Authors: James Herbert
Her fingers curled around the sides of the newspaper and lifted it from the small table’s surface where it had been lying flat. One top corner flopped over with the
tightness of her grip. Her meatless buttocks stopped their jiggling on the hard wooden chair, the gentle rhythm of Billy Ternent’s orchestra failing to stir them now.
One-and-tuppence! One-and-bloody-tuppence for a tin of sardines! And the silly buggers were going to do away with the price control on other fish next week! That was it then: Eugene would just
have to enjoy his white beans a bit more. It should have made things easier with food rationing being phased out, but lack of money in the pocket did a better job than any ration book. You’d
think they’d do more to help war-widows. Soddin Attlee and his Welfare State. What about her bleedin welfare? And Eugene’s?

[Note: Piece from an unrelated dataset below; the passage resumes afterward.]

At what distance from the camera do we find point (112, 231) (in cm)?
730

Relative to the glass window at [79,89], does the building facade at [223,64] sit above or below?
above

She sighed heavily and let the creased newspaper flop back onto the table.
Vera Braid was a tiny woman and she needed to be to fit into the cupboard that was her office. For some reason the door, which should have provided a barrier between herself and the smells of
the ladies’ lavatory she was attendant to, had been removed long ago. No one knew why it had been taken nor who had taken it. Misfortunes of war.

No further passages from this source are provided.